Dr. M. Windrawan Inantha, also known as Dr. Win, moderating the session from CECT Sustainability at Universitas Trisakti, opened with a characterisation of the oil palm biomass sector as Indonesia’s most strategically important sustainability platform. His setting-stage material established the resource dimensions: oil palm fronds at approximately 208 million dry metric tonnes per year, empty fruit bunches at around 51.6 million metric tonnes, palm kernel shells at approximately 14 million metric tonnes, mesocarp fibre at some 29.8 million metric tonnes and palm oil mill effluent at approximately 144.5 million cubic metres.
Also Read: PTPN IV PalmCo and ITS Launch Five-Year Partnership to Develop Palm-Based Green Fuel
Dr. Win’s framing was deliberate and ambitious: “The most important message from this session is that palm biomass is no longer a side story of the palm oil sector. It is now part of Indonesia’s energy security, industrial competitiveness and sustainability credibility.” Credibility, in this context, is the operative word. Indonesia’s palm oil sector has spent years defending its sustainability credentials. Developing palm biomass as governed, verified and certified green energy is the most tangible demonstration available that the sector is moving from defence to leadership.
Prof. Agus Guntoro of Universitas Trisakti connected the sustainability initiative to Indonesia’s national development vision. His presentation argued that energy sustainability is a fundamental asset for national development, and that Indonesia must approach energy transition not as a compliance obligation but as a strategic capability. Regional comparative advantage, he explained, means matching energy development to the resource endowments and industrial structures of each region: palm-producing areas develop palm biomass energy, geothermal-rich provinces develop geothermal, and coastal regions develop ocean energy.
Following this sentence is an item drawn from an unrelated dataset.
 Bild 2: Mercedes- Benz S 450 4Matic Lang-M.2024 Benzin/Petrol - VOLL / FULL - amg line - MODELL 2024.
This approach does not treat sustainability as an add-on to development. It treats it as a design principle of development, ensuring that each region’s energy future is built on the renewable resources it already has rather than the fossil fuels it must import. In palm-producing regions, that design principle leads directly to the sustainable development of the biomass streams generated by the oil palm sector, creating energy independence, local employment, reduced environmental liability and a platform for verified renewable energy exports.
Also Read: CPOPC and Papua New Guinea Advance Partnership for Sustainable Palm Oil Development
Dikki Akhmar of APCASI gave the sustainability initiative a commercial grounding that demonstrates it is not an idealistic overlay on a commodity business but an economic strategy with proven market validation. Palm kernel shell exports to Japan, Thailand, China and Poland have demonstrated that certified sustainable biomass from Indonesia commands market access and buyer relationships that uncertified biomass cannot.
APCASI’s estimate of approximately 150 million metric tonnes of annual palm biomass availability, with a potential contribution of approximately 15.74 percent to national electricity demand, represents a scale of sustainable energy production that would be visible in Indonesia’s national energy accounts and in its international sustainability reporting.
Dikki Akhmar’s argument that domestic use of palm biomass deserves greater policy priority alongside export development is itself a sustainability argument: a sector that generates renewable energy for its own communities and industries, while also supplying certified sustainable energy to international buyers, embodies the integrated sustainability model that development finance institutions, ESG investors and international trade partners increasingly require as a condition of engagement.
Also Read: Indonesia Sets May 2026 Biodiesel Market Index Price at IDR 14,917 per Liter
LT Leong of PMP situated the sustainability initiative within the global decarbonisation agenda that is reshaping the economics of every energy-consuming sector. His SAF presentation identified Indonesia and Malaysia as holding an abundance of sustainable aviation fuel feedstocks that the international aviation industry urgently needs: used cooking oil, palm oil mill effluent, spent bleaching earth oil and palm fatty acid distillate.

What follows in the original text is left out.